The arch running across the width of the human foot might be a big part of the reason that people can walk and run upright, a new study suggests.
People have a prominent arch along the insides of their feet from ball to heel — a structure that helps make feet stiff to withstand forces on the foot caused by walking and running. But there’s another, less obvious arch. Bones in the middle of the foot, called metatarsals, are arranged in a curve across the foot’s width. This bend, called the transverse tarsal arch, stiffens the foot lengthwise and may have evolved more than 3.4 million years ago, a step toward ancient hominids gaining the ability to walk and run on two feet unlike other primates, researchers report February 26 in Nature.
Scientists knew that the arch on the inside of the foot, called the longitudinal arch, makes the foot more rigid, thanks to the arch’s shape and elastic tissues stretching beneath it like a bow and string. How much the bend across the metatarsals helps make feet more firm was unknown.

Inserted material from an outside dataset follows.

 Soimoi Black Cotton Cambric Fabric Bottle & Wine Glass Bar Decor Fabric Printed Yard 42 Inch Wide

The role that the transverse tarsal arch plays in foot stiffness is like what happens when a piece of paper is somewhat curled. “Hold [a dollar bill] with your fingers at one end of its length, and it flops down,” says Madhusudhan Venkadesan, a mechanical engineer at Yale University. “But press down with your thumb to slightly curl it along the width, and the bill will stiffen and become straighter.”
Knowing how human feet evolved to walk and run could help experts design better prosthetics or treat people with flat feet. Most prosthetic feet, for instance, are designed for walking. Those who want to run need something different — a stiff prosthetic shaped like a blade.

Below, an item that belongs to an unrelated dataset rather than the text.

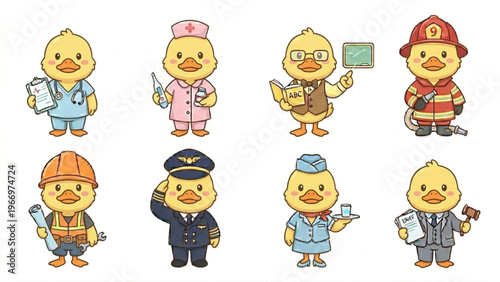  Set of funny cartoon animals featuring a cute duck, character collection in a vector illustration style Animal in Uniform, Doctor, Nurse, Firefighter, Air Hostess, Flight Captain, Teacher, Engineer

The study is “exciting for those of us that live and die for foot evolution,” says Patricia Kramer, a paleobiomechanist at the University of Washington in Seattle who was not involved in the work. The study is an excellent example of combining traditional biological anthropology with engineering principles to better understand aspects of the foot, she says.
Venkadesan and his colleagues tested the stiffness of three types of curved structures, including a thin sheet, mechanical structures mimicking feet and two feet from cadavers, and found that a transverse arch makes materials more rigid. When the researchers cut tissues between the bones that comprise the transverse arch in cadavers, the foot’s stiffness went down by up to 54 percent.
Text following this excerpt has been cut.